Aux aveux d’impuissance lancés par le président de la République, relatifs aux manques de moyens financiers pour installer un réseau d’assainissement et d’évacuation des eaux de pluie, la réponse toute rudimentaire trouvée par ceux qui gouvernent semble se résumer en une dizaine de camions citernes qui n’ont pu libérer une seule voie parmi les centaines qui strient Nouakchott.
Résultat, la vie économique et sociale est complètement bloquée, avec des administrations publiques, des marchés, des centres de santé, des sociétés et entreprises, totalement à la merci des flots. La circulation devient du coup inexistante, les automobilistes se disputant les maigres axes dégagés. Circuler àNouakchott, manger et boire, se soigner et faire des emplettes deviennent tout simplement impossibles.
A Sebkha, des familles révoltées par l’emprise des eaux sur leur espace vital sont sorties exprimer leur colère. A la place du ministre de l’Environnement, ou celui chargé de l’Assainissement ou de la Santé, à défaut du Premier ministre et du Président des pauvres, qui devaient venir témoigner de leurs compassions à ceux qui les ont portés au pouvoir, on préféra leur envoyer un contingent de gardes qui les matèrent à plate couture.
Cette absence de tout secours public, de toute diligence, témoigne d’une démission de l’Etat qui aurait dû coûter cher à l’actuel pouvoir dans toute démocratie qui se respecte car la sanction électorale sera sans appel. Ici, la plèbe ne semble hélas détenir aucun pouvoir réel de pression sur ceux qu’elle doit normalement élire. Cela se passe toujours autrement et à leurs corps défendant.

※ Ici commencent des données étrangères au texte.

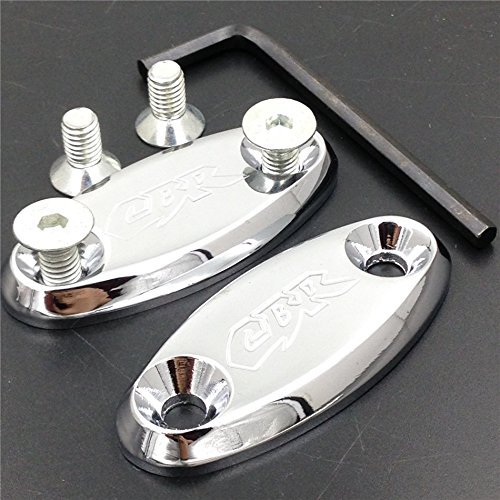 Brand new Mirror Base Plates For Honda CBR600F4/F4i CBR600/929/954/1000 Silver - Picture 2 of 4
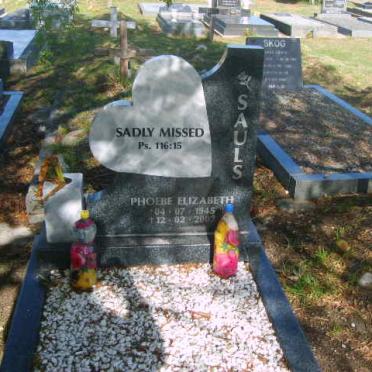 SAULS Phoebe Elizabeth 1945-2002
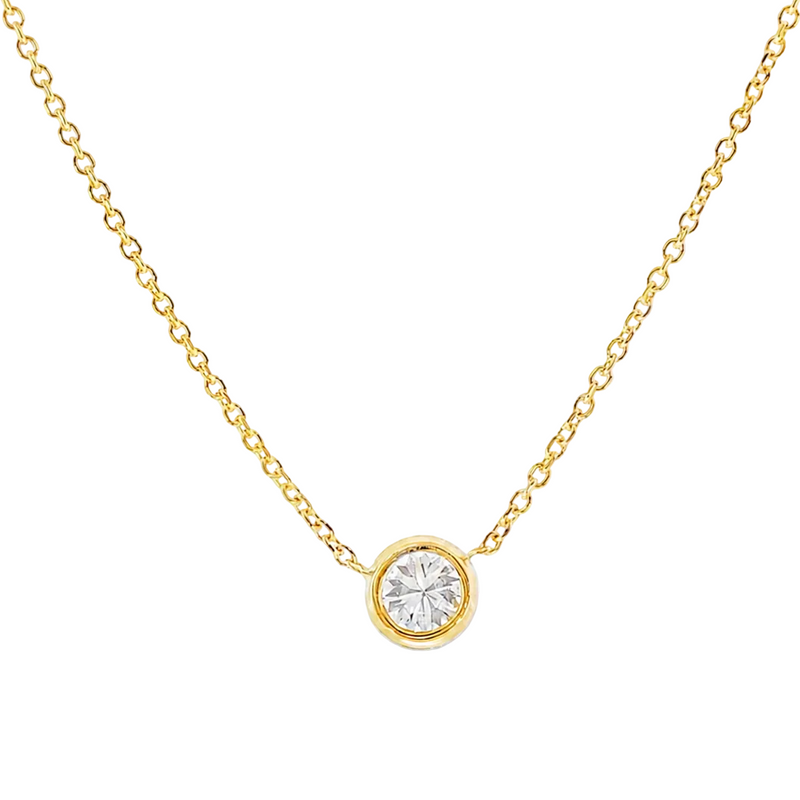 14k Yellow Gold Necklace-39998, view 6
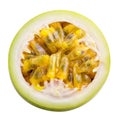 Isolated passion fruit. Maracuya isolated on white background Royalty Free Stock Photo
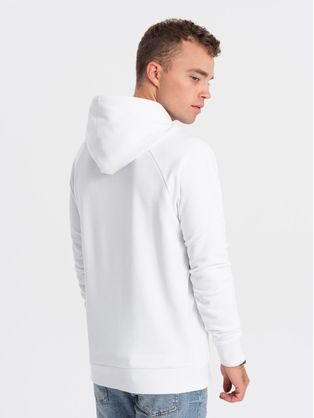Eredeti fehér kapucnis pulóver V1 SSPS-0153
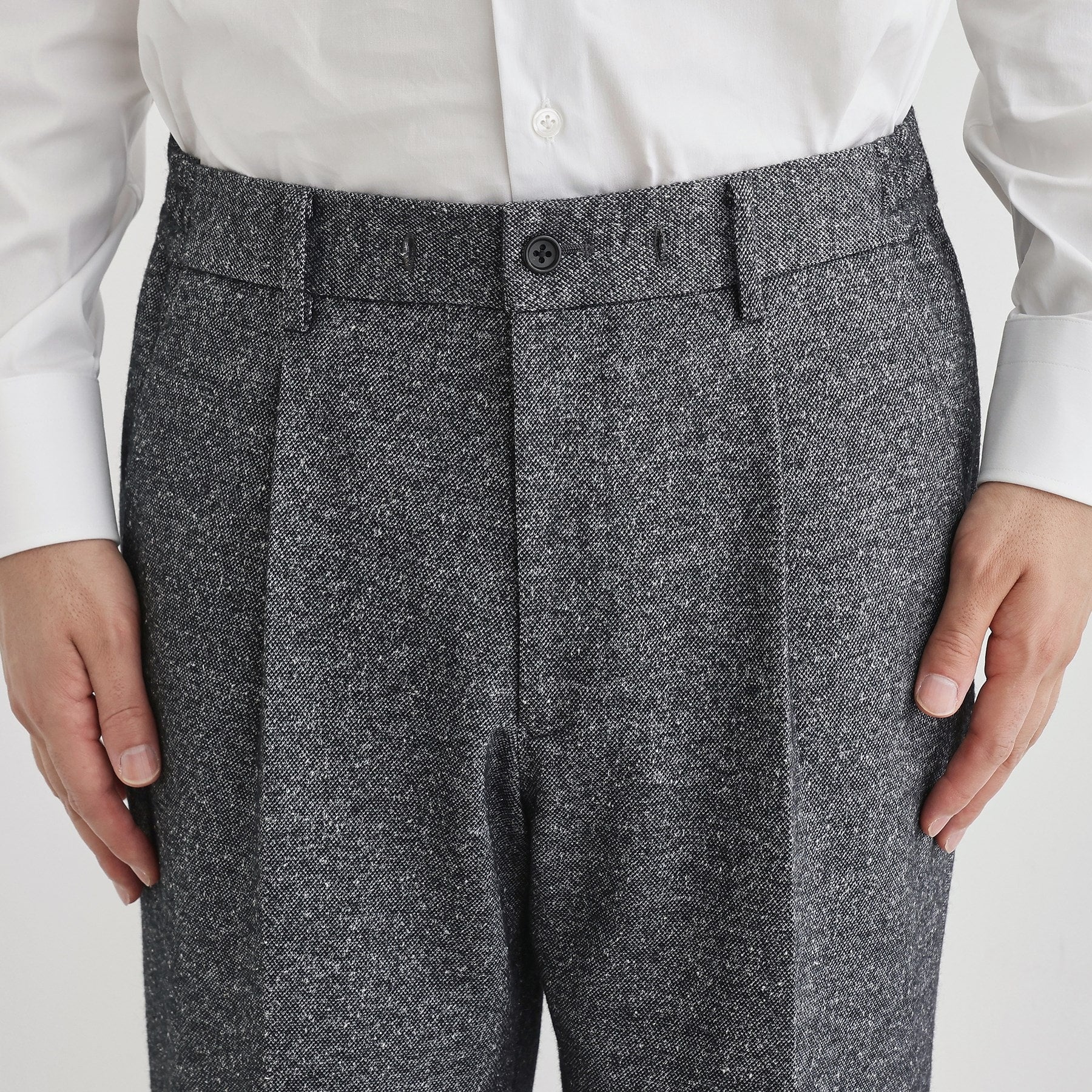 タケオキクチ TAKEO KIKUCHI 尾州織 シルクネップジャージ パンツ （チャコールグレー(014)） チャコールグレー(014)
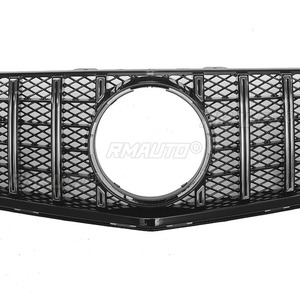 แถบตกแต่งกระจังหน้ารถยนต์ กระจังหน้าทรง GT สำหรับ Mercedes Benz W204 C63 ปี 2009-2011 อะไหล่ภายนอก - Product Image 4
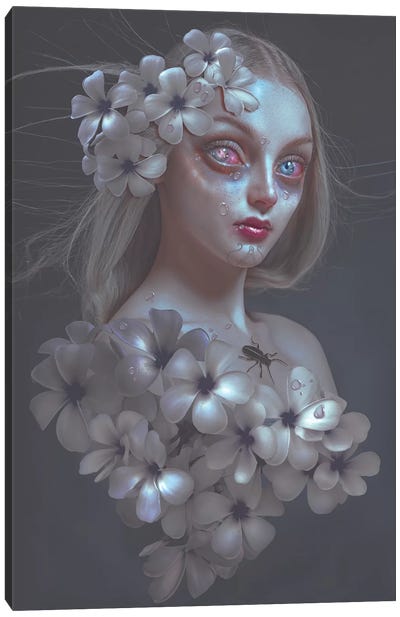 Pale Flower Canvas Art Print - Natalie Shau
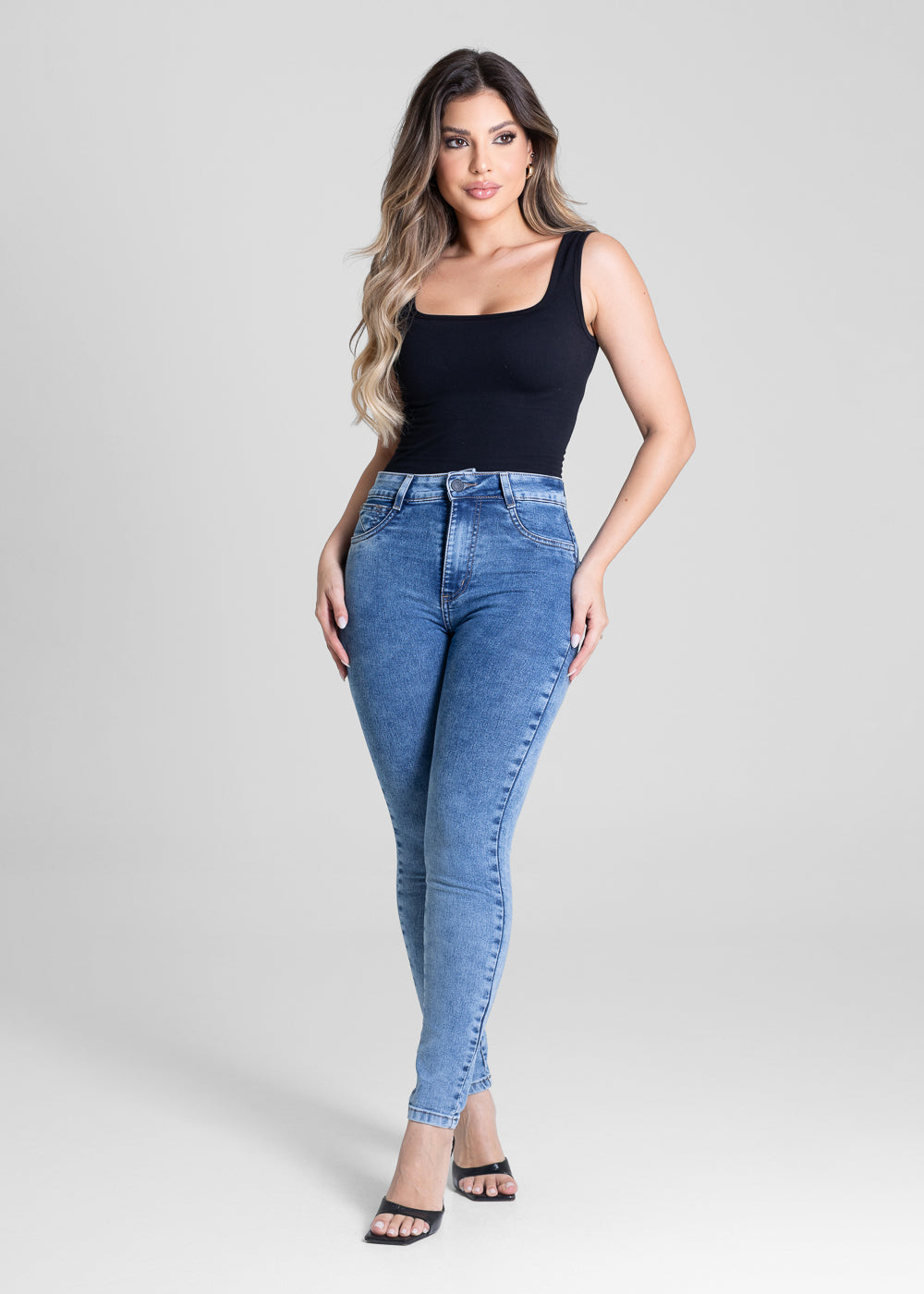 Calça Jeans Sawary Modela Bumbum - 281219 AZUL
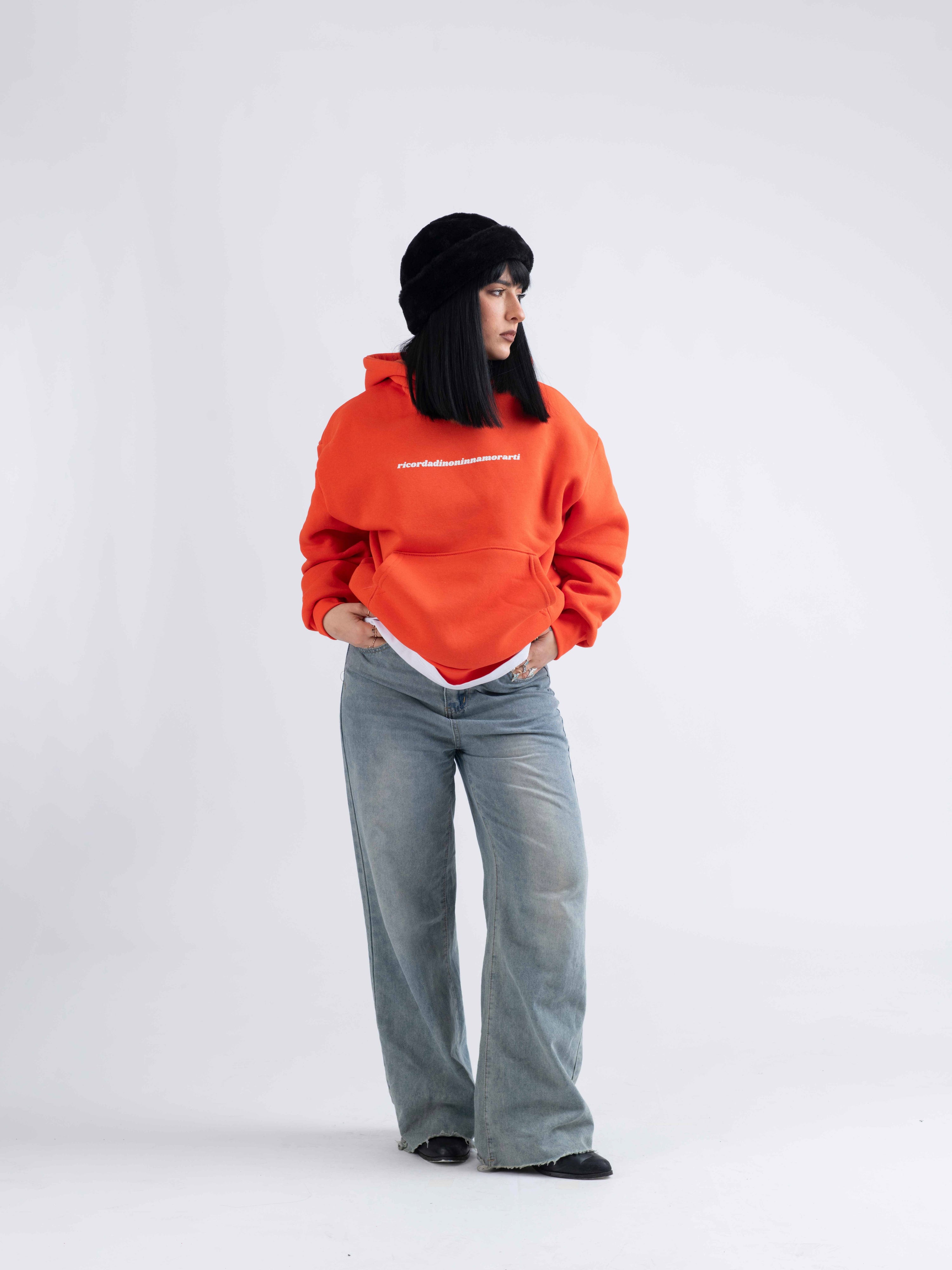HOODIE TI AMAVO GIA' DAL PRIMO SGUARDO ARANCIONE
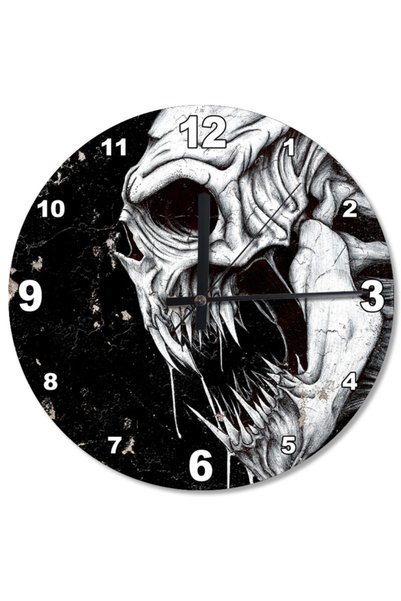 Generic Brand Diameter Scary Skull Analog Wall Clock 50 cm
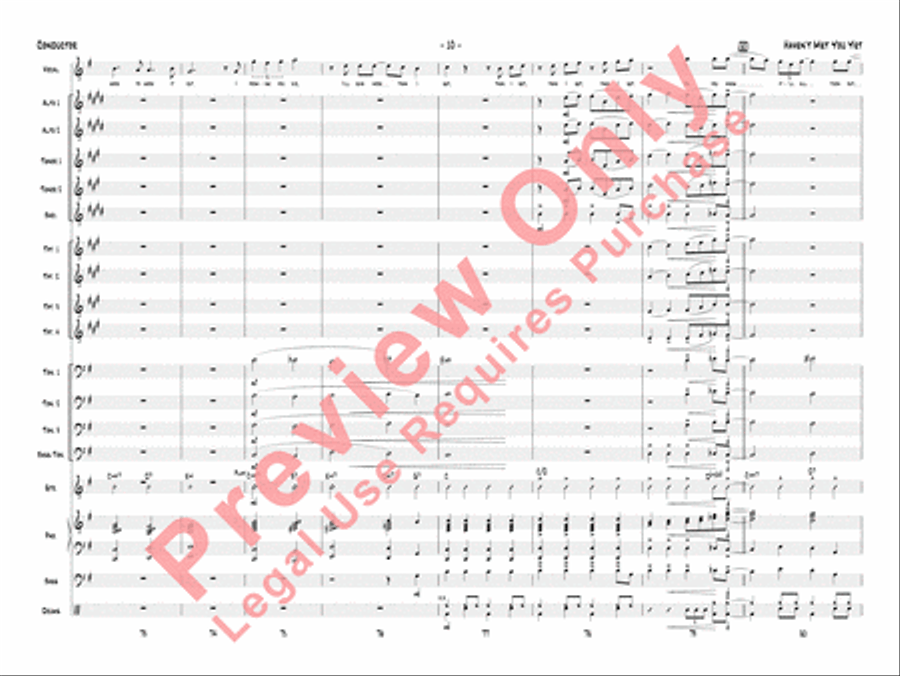 Haven't Met You Yet Jazz Ensemble scores gallery preview page 13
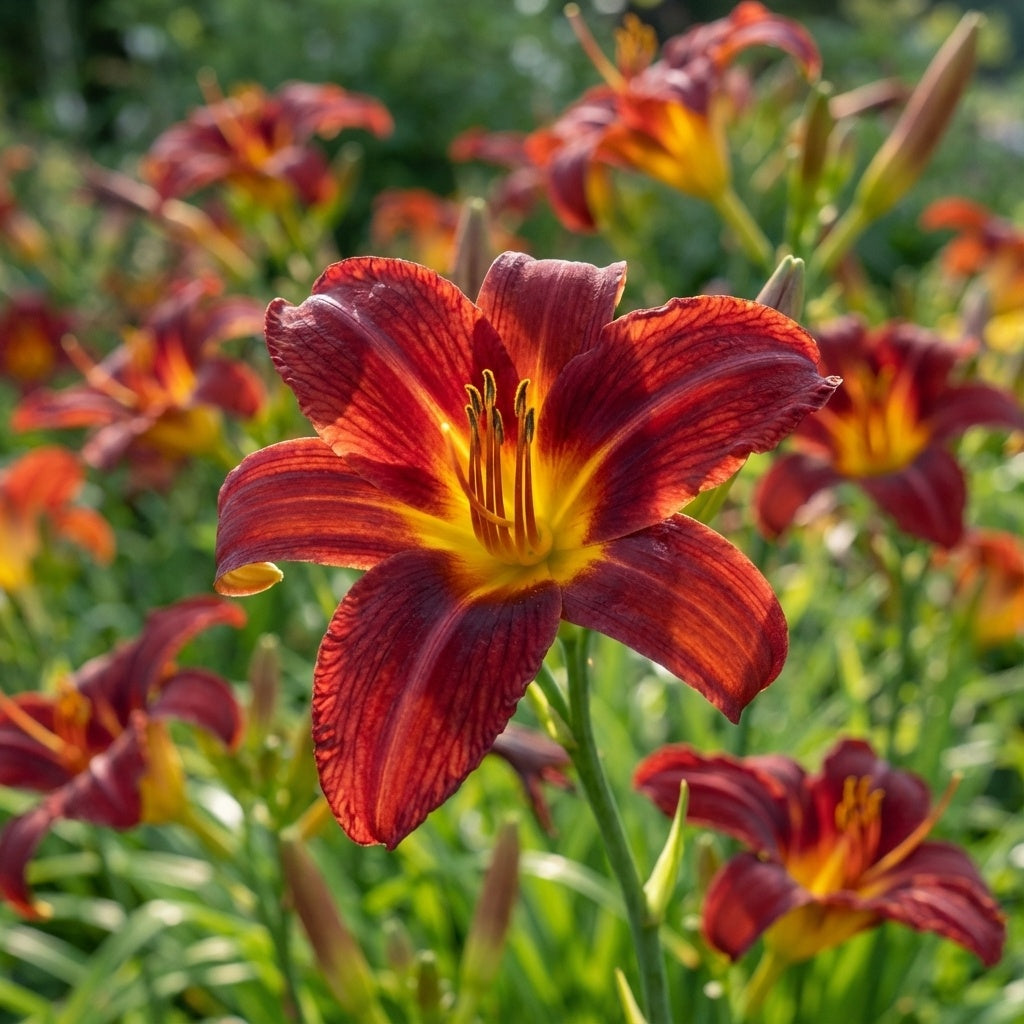 Taglilie 'Autumn Red' - 6 Stück - LumiBlumi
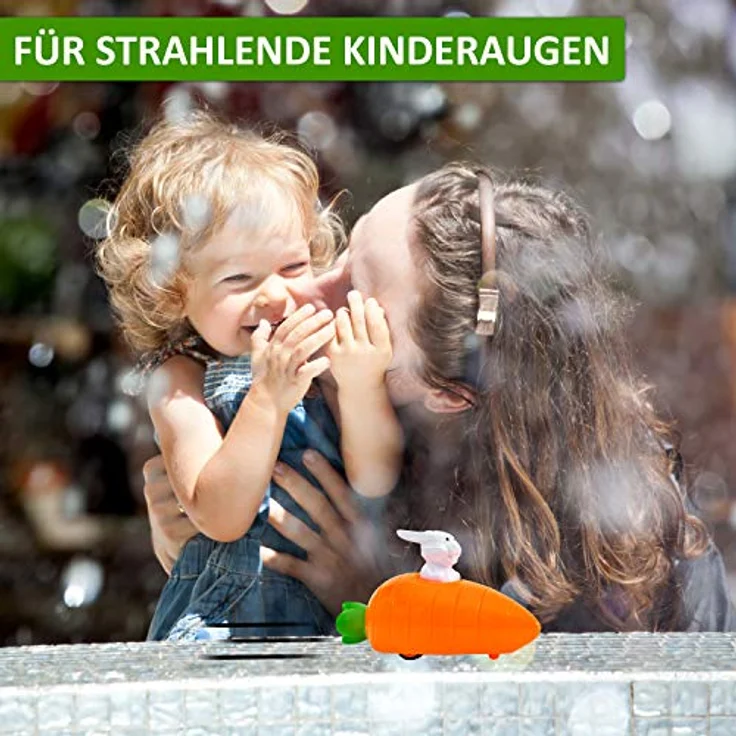 4x Aufziehbare Hasen mit Karotte im Set | Aufziehbare Osterhasen als Mitbringsel Mitgebsel Gastgeschenke | Fahrende Hasen perfekt als Ostergeschenk an Ostern für Kinder | ideal für Jungen & Mädchen – Bild 6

Ceux qui s’en prennent aux maires connaissent certainement le pouvoir inexistant de ces derniers, réduits à des portions congrues par un Etat central qui réglemente la moindre parcelle de vie des citoyens. Que représente dans tout ce gâchis, la tournée d’un président de parti, du reste membre d’une opposition sans voix au chapitre national, sinon un geste de bonne volonté qui ne soigne pas le mal.
Au pragmatisme politique qui dicterait la mise sur pied d’un comité d’urgence ou le lancement d’un Plan Orsec, l’Etat mauritanien opte pour la politique de l’Autrucheet se refuse à décréter « Nouakchott, ville sinistrée ». Par orgueil, calcul électoraliste, pour qu’on ne dise pas que les tenants du pouvoir signent par là leur incapacité à gérer une simple ville.
Certains vont plus loin, en accusant le régime actuel d’incompétences, noyant sa médiocrité dans un populisme désuet et sans lendemain. Sinon, pourquoi aller créer ex-nihilo des villes à coups de milliards d’UM si l’on est incapable de se doter d’une capitale digne du nom.